In response, he switched out one of thebye-byes withthank you.

Anyway: I had no trouble falling asleep that night.

Apparently, all I needed to get comfortable in bed with Cooper was a pampering serenade and a touch of sun poisoning.

But it worked. No fidgeting tonight. I conked out effortlessly and slept four hours straight—only waking later and peeling myself off the sheets to go pee. It’s a bit of a blur, but I know at some point, Cooper made me take more Tylenol and drink more water. And he did at least two reapplications of aloe in the middle of the night.

After the second bathroom run, though—maybe around four in the morning?—I couldn’t get back to sleep.

I lay in the bed with my skin hot and irritated, wide awake, unable to get comfortable and endlessly adjusting positions—as quietly as possible, hoping not to wake Cooper.

After about twenty minutes, Cooper said, “You probably need more aloe.”

“I’m fine,” I whispered. “Just go back to sleep.”

“Too late,” Cooper said, sitting up.

He came around to my side of the bed.
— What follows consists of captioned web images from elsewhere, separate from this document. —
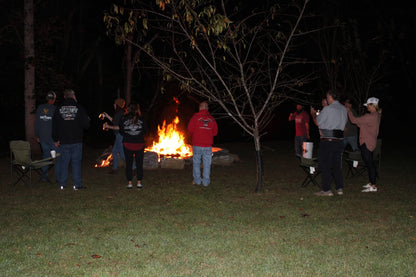 *ENDED* October 2025 Distilling Weekend Class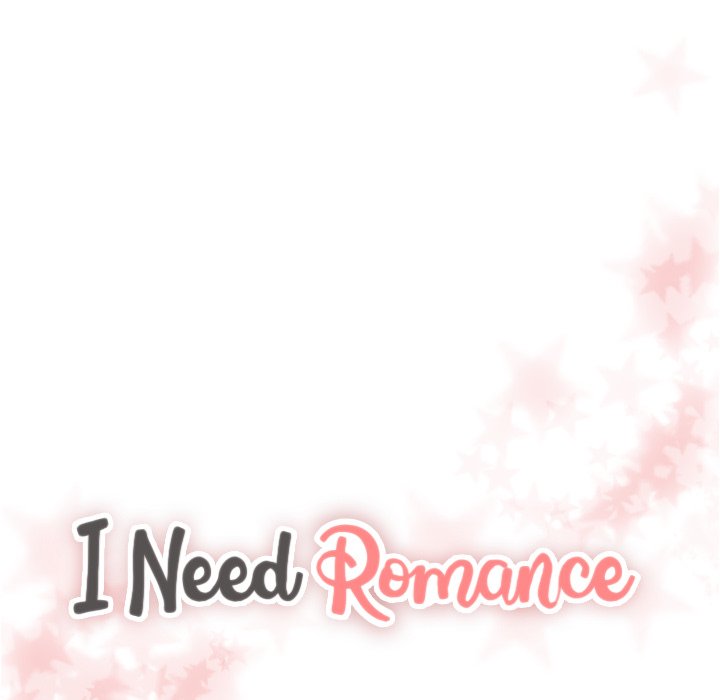 I Need Romance image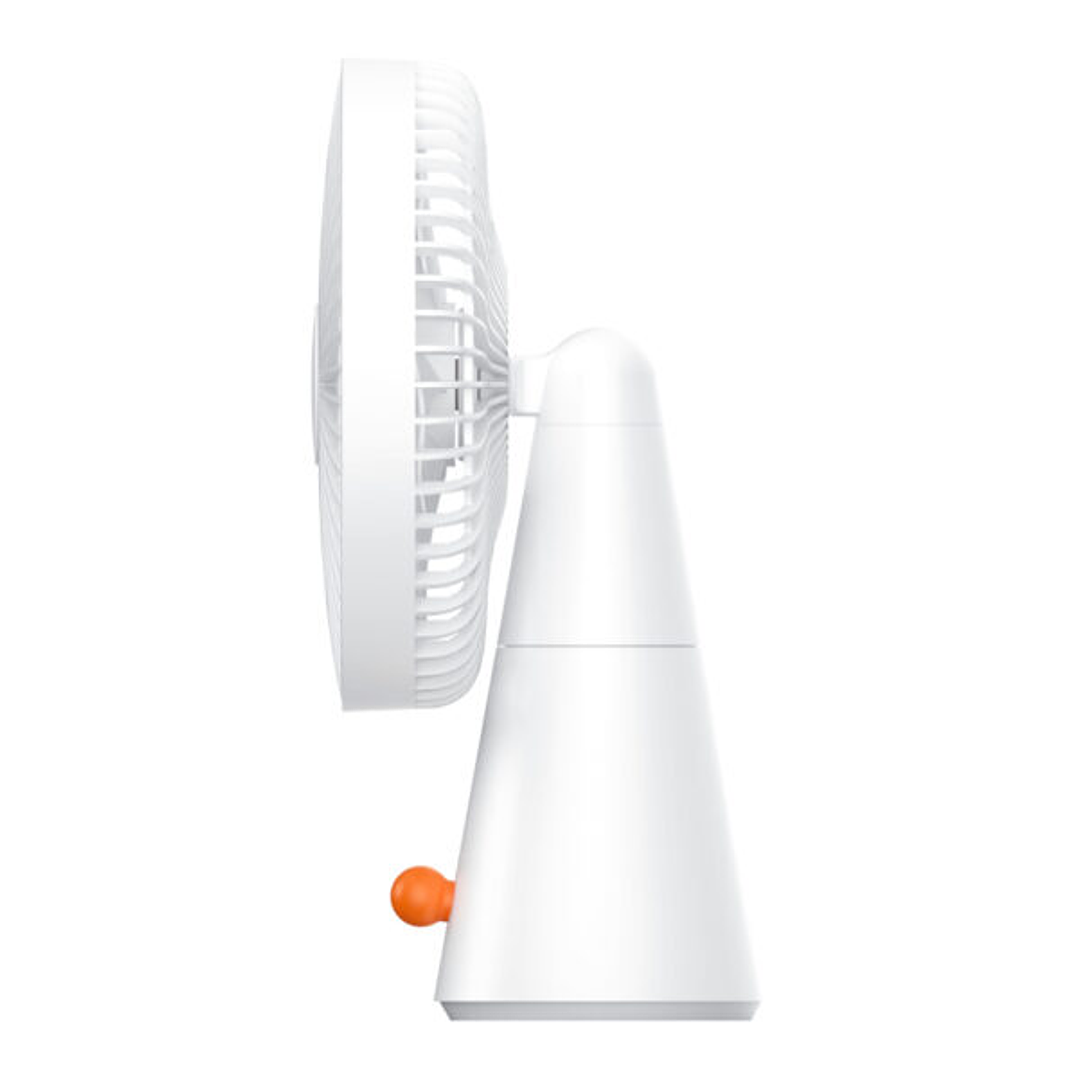 Xiaomi Rechargeable Mini Fan  3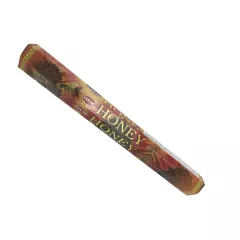 АРОМАТНИ ПРЪЧИЦИ HEM HONEY_0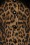 Collectif Clothing - Pareljas in luipaard 5
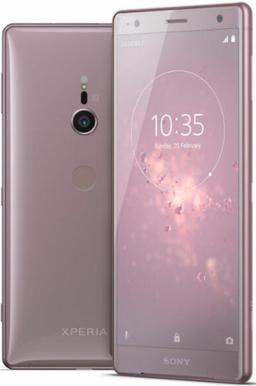 Refurbished Sony Xperia XZ2 - Reebelo Ireland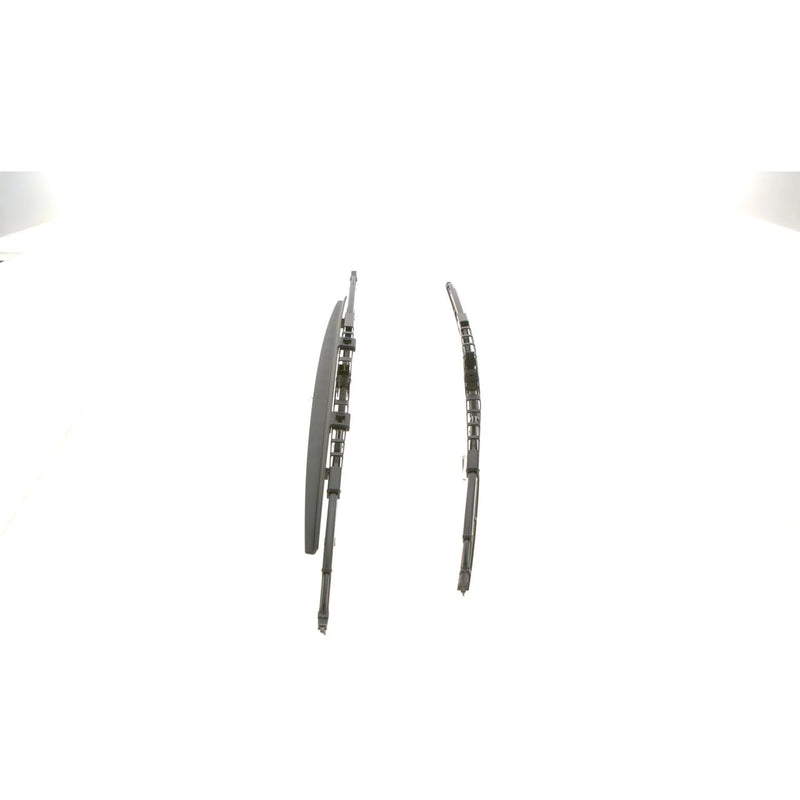 Bosch Twin Spoiler Wiper Blade Set 600mm + 530mm — 801S OE 7H0998003 7H1955425F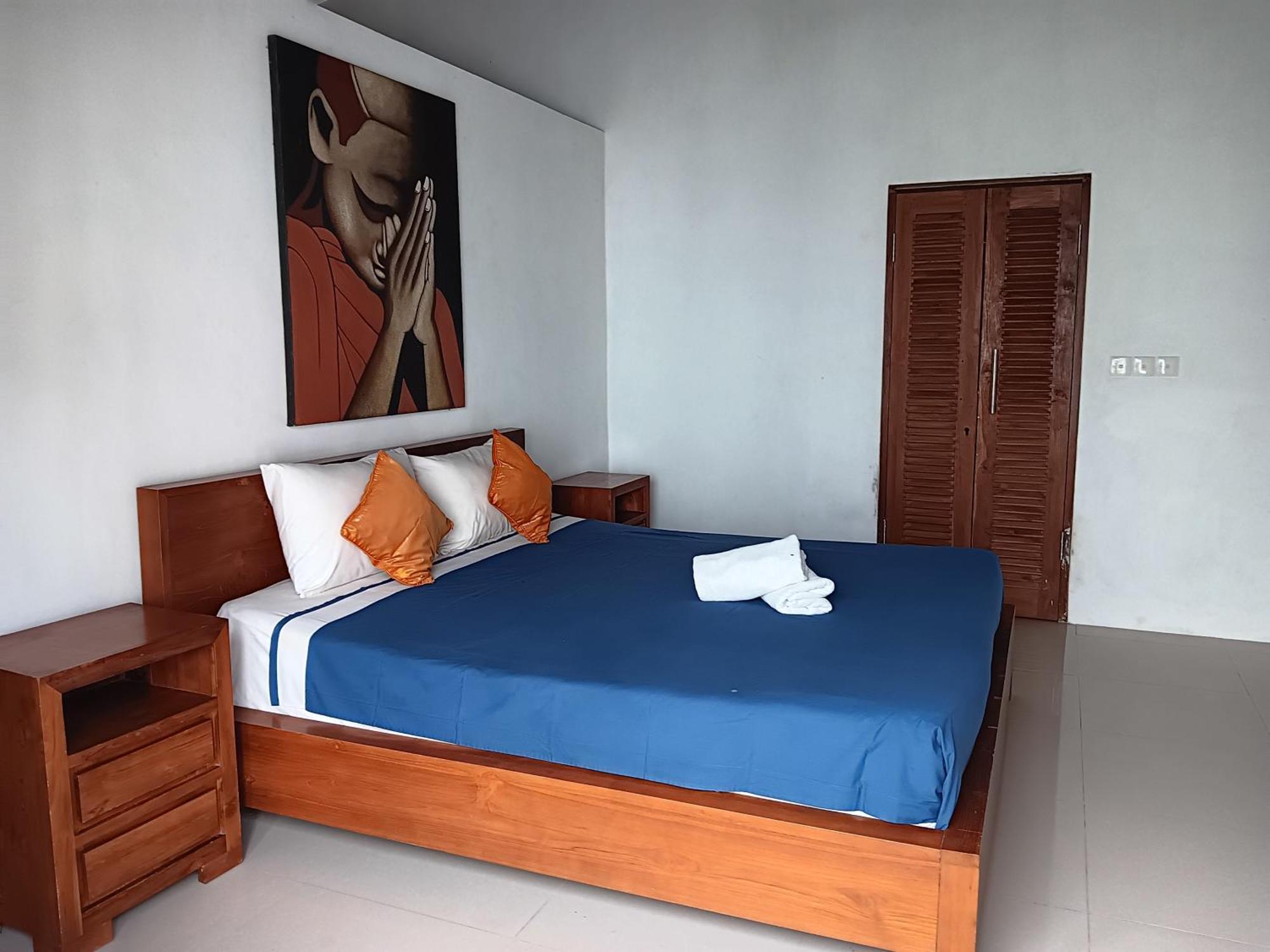 Adore Guesthouse 艾湄湾 客房 照片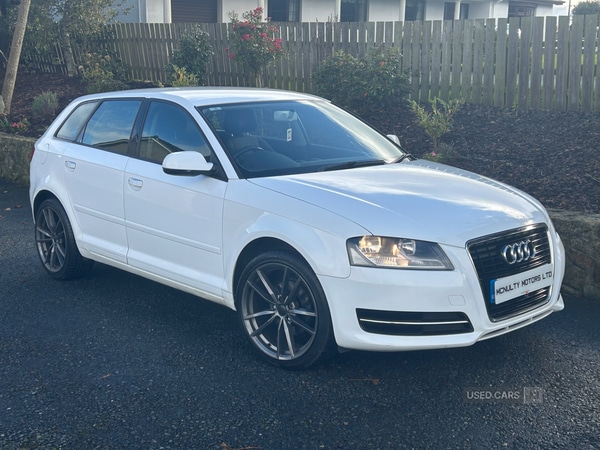 Used Audi A3 2012 for sale - 76378275: Photo 1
Then we went through all the same sunburn-care steps again, silently, sleepily—until the final section, when he was sitting on a chair next to the bed and working the gel all over the front half of my body.

“Cooper?” I asked, my eyes closed in the dark as he slid the pads of his fingers across my collarbones.

“What?”

“I’ve been wanting to ask you a question for a long time.”

“Oh, yeah?”

“But I keep not asking.”

The question I wanted to ask, of course, was why he had disappeared four years ago.

But once I knew, I couldn’t unknow.

And what if the answer ruined everything?

I’d chickened out of asking him about it on the night of my non-wedding. And tonight, with nothing else to do and nothing else to talk about… I would chicken out again.

“What’s the question?” Cooper asked.

It was right there—just sitting in my mouth like a butterscotch candy: Why did you disappear?